Work task:
Before copying, set the pictures aside; then repeat every line below verbatim.

Dataset content:
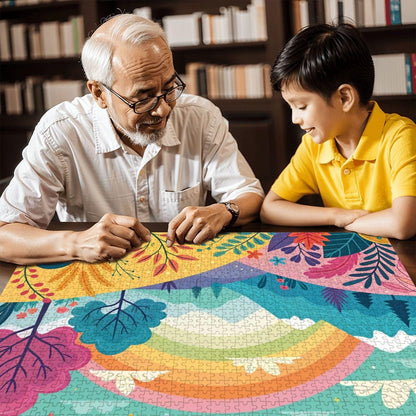 ColorFlow | Wooden Jigsaw Puzzle | Rainbow Mountain Landscape Art Wood Puzzle for Adults and Kids | Relaxing  Gift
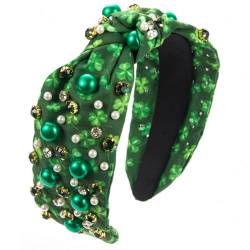 St. Patrick's Day-Stirnband für Frauen, geknotetes Stirnband mit Strass-Kristallperlen, grünes Glückskleeblatt-Haarband mit Knoten, St. Patrick's Day-Accessoires, irische von DAYUANDIAN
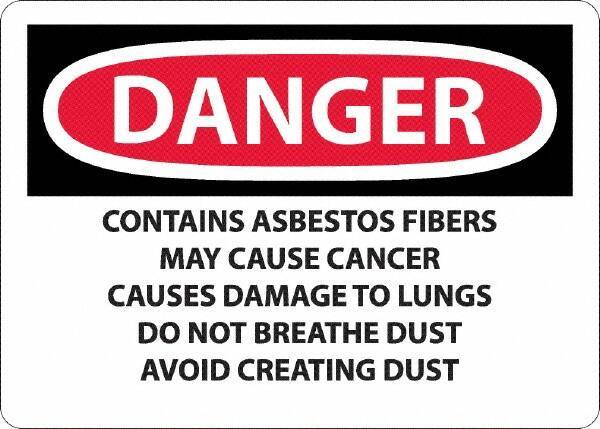 NMC - "Danger - Contains Asbestos Fibers", 10" Long x 14" Wide, Aluminum Safety Sign - Rectangular, 0.04" Thick, Use for Hazardous Materials - USA Tool & Supply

Answer section:
 ColorFlow | Wooden Jigsaw Puzzle | Rainbow Mountain Landscape Art Wood Puzzle for Adults and Kids | Relaxing  Gift
 St. Patrick's Day-Stirnband für Frauen, geknotetes Stirnband mit Strass-Kristallperlen, grünes Glückskleeblatt-Haarband mit Knoten, St. Patrick's Day-Accessoires, irische von DAYUANDIAN
 NMC - "Danger - Contains Asbestos Fibers", 10" Long x 14" Wide, Aluminum Safety Sign - Rectangular, 0.04" Thick, Use for Hazardous Materials - USA Tool & Supply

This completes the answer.